Assigned task:
Print each line from the start of the records below up through the line where "Brisbane Counter Stool" is found, exactly as given.
====
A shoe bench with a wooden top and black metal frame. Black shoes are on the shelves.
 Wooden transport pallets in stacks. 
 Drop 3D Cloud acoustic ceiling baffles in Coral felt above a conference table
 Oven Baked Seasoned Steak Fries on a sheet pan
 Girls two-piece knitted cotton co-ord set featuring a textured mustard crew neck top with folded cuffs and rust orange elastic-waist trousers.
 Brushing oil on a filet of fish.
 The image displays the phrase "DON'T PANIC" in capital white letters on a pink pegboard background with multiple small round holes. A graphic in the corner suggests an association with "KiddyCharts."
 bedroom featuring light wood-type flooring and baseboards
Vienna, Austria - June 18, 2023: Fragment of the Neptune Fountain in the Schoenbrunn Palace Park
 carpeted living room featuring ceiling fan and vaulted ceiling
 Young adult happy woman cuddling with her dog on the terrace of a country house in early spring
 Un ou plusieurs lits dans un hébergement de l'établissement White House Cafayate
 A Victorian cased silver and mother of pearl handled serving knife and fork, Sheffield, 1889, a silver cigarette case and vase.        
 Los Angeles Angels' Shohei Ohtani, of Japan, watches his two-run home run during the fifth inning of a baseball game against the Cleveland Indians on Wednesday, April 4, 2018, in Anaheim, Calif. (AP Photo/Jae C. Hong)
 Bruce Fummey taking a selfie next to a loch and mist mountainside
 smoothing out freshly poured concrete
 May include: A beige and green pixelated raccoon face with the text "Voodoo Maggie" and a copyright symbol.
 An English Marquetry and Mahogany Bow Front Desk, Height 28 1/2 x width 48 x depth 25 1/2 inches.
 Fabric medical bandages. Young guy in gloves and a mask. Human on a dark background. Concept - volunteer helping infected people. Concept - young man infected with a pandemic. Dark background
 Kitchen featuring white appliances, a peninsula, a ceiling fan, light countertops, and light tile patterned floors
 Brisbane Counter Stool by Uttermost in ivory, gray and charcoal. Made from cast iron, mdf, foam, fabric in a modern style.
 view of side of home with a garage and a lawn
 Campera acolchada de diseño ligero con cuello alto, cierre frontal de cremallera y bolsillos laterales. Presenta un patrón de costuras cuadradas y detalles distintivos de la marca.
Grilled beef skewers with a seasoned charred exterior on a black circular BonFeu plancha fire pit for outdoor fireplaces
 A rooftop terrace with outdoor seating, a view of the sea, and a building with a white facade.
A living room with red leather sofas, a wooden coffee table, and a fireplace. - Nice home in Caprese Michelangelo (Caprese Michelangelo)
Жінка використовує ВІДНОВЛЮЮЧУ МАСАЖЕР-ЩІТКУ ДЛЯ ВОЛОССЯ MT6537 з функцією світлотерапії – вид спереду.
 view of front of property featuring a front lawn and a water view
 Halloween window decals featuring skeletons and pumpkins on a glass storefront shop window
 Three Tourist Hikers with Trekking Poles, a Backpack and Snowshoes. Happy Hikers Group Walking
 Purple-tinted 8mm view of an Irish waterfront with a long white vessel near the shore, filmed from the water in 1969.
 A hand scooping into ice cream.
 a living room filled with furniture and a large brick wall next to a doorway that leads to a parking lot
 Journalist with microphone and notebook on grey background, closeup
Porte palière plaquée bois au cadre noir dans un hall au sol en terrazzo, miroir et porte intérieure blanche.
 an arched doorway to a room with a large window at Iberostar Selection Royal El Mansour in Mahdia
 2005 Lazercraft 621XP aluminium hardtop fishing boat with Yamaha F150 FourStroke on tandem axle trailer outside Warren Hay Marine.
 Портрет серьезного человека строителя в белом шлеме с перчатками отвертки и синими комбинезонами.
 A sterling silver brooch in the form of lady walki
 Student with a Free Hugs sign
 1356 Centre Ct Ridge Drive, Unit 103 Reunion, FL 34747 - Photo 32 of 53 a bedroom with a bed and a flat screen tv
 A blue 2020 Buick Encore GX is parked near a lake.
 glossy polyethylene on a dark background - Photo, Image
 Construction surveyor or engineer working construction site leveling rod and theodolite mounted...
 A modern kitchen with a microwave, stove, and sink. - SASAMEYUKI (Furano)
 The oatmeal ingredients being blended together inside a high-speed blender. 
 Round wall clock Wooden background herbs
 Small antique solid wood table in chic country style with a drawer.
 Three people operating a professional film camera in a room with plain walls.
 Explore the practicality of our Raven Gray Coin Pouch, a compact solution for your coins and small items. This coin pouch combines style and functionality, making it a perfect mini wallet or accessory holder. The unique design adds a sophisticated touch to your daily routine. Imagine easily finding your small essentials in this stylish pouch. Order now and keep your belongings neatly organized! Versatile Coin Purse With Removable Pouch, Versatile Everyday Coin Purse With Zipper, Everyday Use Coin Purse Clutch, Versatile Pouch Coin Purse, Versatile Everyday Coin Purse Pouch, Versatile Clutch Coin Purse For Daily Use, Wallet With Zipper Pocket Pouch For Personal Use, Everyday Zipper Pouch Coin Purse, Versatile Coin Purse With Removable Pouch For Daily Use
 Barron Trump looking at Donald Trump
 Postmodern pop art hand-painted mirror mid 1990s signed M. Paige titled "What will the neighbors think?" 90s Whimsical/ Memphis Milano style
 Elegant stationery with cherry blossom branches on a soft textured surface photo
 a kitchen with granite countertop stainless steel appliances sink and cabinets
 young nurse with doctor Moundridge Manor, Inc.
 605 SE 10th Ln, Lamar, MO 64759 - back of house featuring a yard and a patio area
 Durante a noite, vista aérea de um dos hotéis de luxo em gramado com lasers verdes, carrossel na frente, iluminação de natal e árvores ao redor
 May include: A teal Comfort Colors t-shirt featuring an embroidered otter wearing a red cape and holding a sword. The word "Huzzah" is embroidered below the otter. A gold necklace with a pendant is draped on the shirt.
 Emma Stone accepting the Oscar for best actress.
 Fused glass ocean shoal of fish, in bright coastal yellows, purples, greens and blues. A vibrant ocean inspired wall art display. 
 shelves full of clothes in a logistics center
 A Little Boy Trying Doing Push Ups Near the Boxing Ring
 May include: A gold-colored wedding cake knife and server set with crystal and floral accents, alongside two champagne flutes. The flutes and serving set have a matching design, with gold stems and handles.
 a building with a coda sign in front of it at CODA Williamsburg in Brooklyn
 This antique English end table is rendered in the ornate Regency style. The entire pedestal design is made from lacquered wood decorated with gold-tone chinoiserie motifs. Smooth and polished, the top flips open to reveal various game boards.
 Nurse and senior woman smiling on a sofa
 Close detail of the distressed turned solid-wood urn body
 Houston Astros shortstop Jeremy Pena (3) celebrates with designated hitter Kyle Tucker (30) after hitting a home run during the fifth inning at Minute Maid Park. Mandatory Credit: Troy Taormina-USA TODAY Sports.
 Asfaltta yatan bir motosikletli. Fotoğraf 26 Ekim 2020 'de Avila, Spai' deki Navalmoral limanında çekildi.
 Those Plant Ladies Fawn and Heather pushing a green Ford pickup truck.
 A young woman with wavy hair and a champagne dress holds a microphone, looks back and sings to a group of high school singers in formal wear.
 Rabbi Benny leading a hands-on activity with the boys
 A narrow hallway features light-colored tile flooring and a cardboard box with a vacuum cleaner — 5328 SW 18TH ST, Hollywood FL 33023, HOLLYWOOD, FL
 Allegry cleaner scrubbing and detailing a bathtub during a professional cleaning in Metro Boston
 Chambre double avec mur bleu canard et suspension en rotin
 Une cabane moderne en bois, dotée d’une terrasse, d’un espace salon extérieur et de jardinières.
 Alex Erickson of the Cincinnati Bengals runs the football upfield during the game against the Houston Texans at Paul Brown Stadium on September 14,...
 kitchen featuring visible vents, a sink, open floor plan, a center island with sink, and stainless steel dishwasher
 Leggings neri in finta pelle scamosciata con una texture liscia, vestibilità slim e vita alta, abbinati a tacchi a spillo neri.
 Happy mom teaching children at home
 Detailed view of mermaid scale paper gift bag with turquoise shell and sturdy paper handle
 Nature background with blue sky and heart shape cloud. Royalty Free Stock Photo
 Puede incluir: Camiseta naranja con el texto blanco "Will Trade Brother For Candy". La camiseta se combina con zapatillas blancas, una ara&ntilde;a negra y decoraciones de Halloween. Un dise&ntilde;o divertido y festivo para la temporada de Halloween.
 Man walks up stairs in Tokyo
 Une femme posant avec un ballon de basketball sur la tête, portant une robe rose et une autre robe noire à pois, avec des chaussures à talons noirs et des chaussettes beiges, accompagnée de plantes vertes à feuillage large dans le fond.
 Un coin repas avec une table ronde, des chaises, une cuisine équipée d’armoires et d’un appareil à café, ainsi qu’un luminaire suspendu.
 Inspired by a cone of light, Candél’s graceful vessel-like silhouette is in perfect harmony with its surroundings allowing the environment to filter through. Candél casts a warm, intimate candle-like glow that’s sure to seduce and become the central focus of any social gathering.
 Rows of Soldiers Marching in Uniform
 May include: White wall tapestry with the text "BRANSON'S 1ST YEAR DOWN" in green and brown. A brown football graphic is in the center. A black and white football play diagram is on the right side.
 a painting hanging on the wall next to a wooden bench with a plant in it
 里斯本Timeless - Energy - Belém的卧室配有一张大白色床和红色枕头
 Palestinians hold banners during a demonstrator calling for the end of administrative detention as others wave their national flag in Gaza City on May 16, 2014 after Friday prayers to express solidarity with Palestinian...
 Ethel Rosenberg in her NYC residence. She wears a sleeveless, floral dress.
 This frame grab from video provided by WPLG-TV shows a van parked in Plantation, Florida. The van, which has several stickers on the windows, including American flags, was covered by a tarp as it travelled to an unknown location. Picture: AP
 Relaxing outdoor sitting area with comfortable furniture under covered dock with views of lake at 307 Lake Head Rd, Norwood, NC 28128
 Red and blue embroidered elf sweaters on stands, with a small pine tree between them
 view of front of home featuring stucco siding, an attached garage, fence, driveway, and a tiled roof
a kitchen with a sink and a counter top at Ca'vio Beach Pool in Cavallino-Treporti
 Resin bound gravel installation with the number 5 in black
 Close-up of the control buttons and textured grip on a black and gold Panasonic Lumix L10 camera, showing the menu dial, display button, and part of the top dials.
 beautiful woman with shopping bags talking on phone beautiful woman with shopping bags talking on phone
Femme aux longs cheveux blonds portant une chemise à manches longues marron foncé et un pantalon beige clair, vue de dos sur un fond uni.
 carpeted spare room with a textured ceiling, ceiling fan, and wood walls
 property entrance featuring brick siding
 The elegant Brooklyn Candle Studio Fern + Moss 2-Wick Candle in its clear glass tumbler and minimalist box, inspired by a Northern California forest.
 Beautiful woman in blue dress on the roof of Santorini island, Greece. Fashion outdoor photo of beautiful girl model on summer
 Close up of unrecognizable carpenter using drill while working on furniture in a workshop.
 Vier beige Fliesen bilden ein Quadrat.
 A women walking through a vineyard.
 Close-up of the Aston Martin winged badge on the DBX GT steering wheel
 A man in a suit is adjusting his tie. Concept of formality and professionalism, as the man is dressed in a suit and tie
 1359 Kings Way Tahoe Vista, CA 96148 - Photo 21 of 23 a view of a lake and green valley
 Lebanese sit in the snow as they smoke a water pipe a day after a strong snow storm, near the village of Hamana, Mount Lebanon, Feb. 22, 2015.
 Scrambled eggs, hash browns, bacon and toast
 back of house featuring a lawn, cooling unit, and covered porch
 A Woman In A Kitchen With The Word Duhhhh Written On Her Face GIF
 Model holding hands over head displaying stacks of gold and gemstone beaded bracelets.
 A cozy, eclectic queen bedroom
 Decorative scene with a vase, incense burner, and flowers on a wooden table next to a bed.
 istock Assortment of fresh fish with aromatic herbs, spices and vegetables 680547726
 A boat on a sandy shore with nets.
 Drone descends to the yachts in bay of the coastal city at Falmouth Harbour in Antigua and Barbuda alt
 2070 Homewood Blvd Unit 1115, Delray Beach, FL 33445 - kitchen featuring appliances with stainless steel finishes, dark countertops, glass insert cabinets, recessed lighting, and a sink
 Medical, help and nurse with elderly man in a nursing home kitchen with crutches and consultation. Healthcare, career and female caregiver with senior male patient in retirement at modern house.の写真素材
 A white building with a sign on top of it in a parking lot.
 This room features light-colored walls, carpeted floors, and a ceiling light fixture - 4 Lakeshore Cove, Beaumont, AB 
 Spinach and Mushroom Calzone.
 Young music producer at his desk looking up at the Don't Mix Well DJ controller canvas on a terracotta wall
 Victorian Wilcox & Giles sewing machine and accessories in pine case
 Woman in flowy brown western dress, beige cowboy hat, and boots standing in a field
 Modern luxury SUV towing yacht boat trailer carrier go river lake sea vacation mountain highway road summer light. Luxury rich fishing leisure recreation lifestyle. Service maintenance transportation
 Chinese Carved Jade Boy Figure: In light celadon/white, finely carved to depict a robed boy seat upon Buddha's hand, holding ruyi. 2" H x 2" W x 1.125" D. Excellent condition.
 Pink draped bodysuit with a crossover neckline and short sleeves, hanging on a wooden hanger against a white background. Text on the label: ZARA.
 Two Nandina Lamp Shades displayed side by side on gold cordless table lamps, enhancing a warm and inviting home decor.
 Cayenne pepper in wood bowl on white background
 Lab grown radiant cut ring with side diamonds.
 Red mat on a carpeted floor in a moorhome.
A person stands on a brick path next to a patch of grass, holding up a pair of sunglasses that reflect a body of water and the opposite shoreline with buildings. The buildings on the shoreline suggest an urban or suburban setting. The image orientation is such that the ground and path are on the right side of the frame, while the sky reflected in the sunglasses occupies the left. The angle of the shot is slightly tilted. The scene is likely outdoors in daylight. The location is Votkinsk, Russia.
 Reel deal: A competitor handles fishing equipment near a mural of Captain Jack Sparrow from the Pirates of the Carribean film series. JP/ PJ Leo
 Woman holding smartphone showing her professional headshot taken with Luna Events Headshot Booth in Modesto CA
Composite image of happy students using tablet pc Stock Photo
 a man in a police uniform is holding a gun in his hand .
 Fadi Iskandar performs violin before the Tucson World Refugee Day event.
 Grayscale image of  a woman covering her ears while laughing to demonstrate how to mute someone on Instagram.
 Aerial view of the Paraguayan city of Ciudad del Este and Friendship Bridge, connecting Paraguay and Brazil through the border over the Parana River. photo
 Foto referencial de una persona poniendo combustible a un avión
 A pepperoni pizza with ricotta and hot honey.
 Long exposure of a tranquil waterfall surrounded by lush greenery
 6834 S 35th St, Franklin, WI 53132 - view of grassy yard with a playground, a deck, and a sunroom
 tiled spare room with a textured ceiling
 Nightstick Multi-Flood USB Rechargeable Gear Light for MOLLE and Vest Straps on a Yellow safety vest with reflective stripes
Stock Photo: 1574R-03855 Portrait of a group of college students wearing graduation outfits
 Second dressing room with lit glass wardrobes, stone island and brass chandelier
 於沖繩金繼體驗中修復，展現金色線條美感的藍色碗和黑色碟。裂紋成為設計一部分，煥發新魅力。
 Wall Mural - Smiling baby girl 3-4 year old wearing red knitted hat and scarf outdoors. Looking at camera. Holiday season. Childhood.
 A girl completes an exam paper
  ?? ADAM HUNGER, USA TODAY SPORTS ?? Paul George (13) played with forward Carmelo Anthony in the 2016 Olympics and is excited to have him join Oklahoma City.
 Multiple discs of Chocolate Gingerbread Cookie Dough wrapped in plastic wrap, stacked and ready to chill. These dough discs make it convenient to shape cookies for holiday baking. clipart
====
Answer for the task:
A shoe bench with a wooden top and black metal frame. Black shoes are on the shelves.
 Wooden transport pallets in stacks. 
 Drop 3D Cloud acoustic ceiling baffles in Coral felt above a conference table
 Oven Baked Seasoned Steak Fries on a sheet pan
 Girls two-piece knitted cotton co-ord set featuring a textured mustard crew neck top with folded cuffs and rust orange elastic-waist trousers.
 Brushing oil on a filet of fish.
 The image displays the phrase "DON'T PANIC" in capital white letters on a pink pegboard background with multiple small round holes. A graphic in the corner suggests an association with "KiddyCharts."
 bedroom featuring light wood-type flooring and baseboards
Vienna, Austria - June 18, 2023: Fragment of the Neptune Fountain in the Schoenbrunn Palace Park
 carpeted living room featuring ceiling fan and vaulted ceiling
 Young adult happy woman cuddling with her dog on the terrace of a country house in early spring
 Un ou plusieurs lits dans un hébergement de l'établissement White House Cafayate
 A Victorian cased silver and mother of pearl handled serving knife and fork, Sheffield, 1889, a silver cigarette case and vase.        
 Los Angeles Angels' Shohei Ohtani, of Japan, watches his two-run home run during the fifth inning of a baseball game against the Cleveland Indians on Wednesday, April 4, 2018, in Anaheim, Calif. (AP Photo/Jae C. Hong)
 Bruce Fummey taking a selfie next to a loch and mist mountainside
 smoothing out freshly poured concrete
 May include: A beige and green pixelated raccoon face with the text "Voodoo Maggie" and a copyright symbol.
 An English Marquetry and Mahogany Bow Front Desk, Height 28 1/2 x width 48 x depth 25 1/2 inches.
 Fabric medical bandages. Young guy in gloves and a mask. Human on a dark background. Concept - volunteer helping infected people. Concept - young man infected with a pandemic. Dark background
 Kitchen featuring white appliances, a peninsula, a ceiling fan, light countertops, and light tile patterned floors
 Brisbane Counter Stool by Uttermost in ivory, gray and charcoal. Made from cast iron, mdf, foam, fabric in a modern style.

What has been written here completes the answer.